The common assumption is that since Janet Yellen is well-qualified and has been nominated to serve as Federal Reserve chair that she will, in fact, serve as Federal Reserve chair. That's in part because we haven't ever really had a confirmation fight for the Fed gig. But I don't think she'll get in without a fight. The reconfirmation of Ben Bernanke for a second term by a 70-30 vote was the weakest showing of any Fed nominee ever. And that was a Democratic president reappointing a Republican to a job he already held, under circumstances where there was no real public anti-Bernanke organizing.
By contrast, a conservative group called American Principles in Action is already organizing against Yellen:
Their argument is basically just so much derp. Yellen stands accused of being some kind of madcap inflationista for thinking that the Federal Reserve should pursue its legal mandate to give weight to both price stability and employment maximization in its decision-making. There is absolutely nothing in any way unusual about her views on this. Congress could, if it wanted to, change the Fed's legal mandate (though I think that would be a bad idea) but the idea of condemning a veteran Fed official for a long record of believing that Fed officials ought to behave in the way that they are legally required to behave is nutty.

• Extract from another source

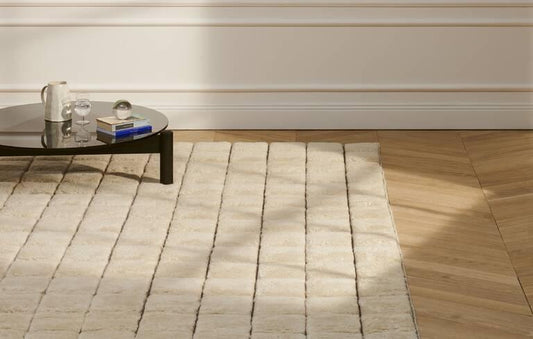 Cassina - Sahara Grid Teppich - Teppiche - Sarto Group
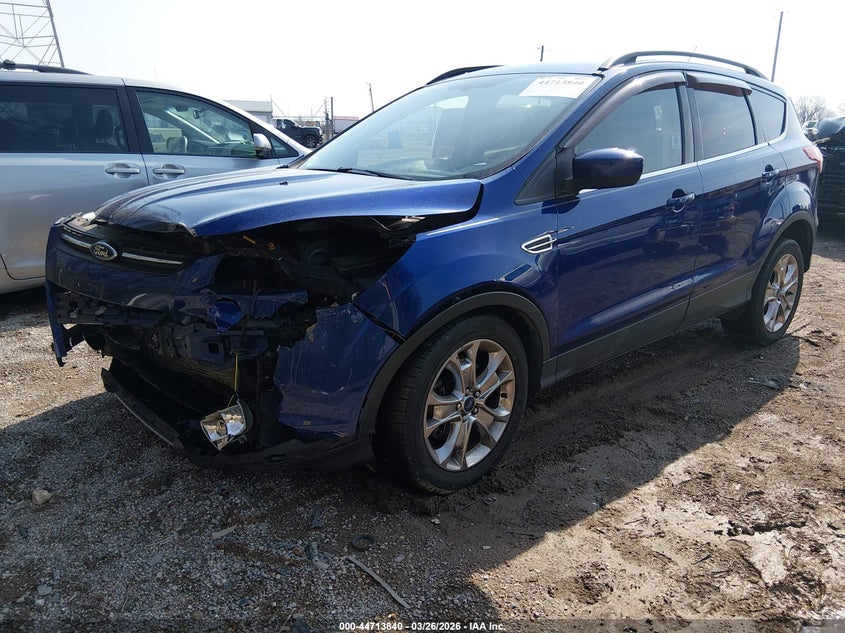 2015 Ford Escape Se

That said, nutty imperatives have a way of gaining prominence on the right. Organizing against Yellen is a no-brainer for conservative groups eager to engage in a little grassroots fundraising. Talk radio episodes and Fox segments about the evils of Yellen are sure to be better for ratings than segments defending her. And then once it becomes defined that the True Conservative stance is to vote no on Yellen, who's going to want to stand against that?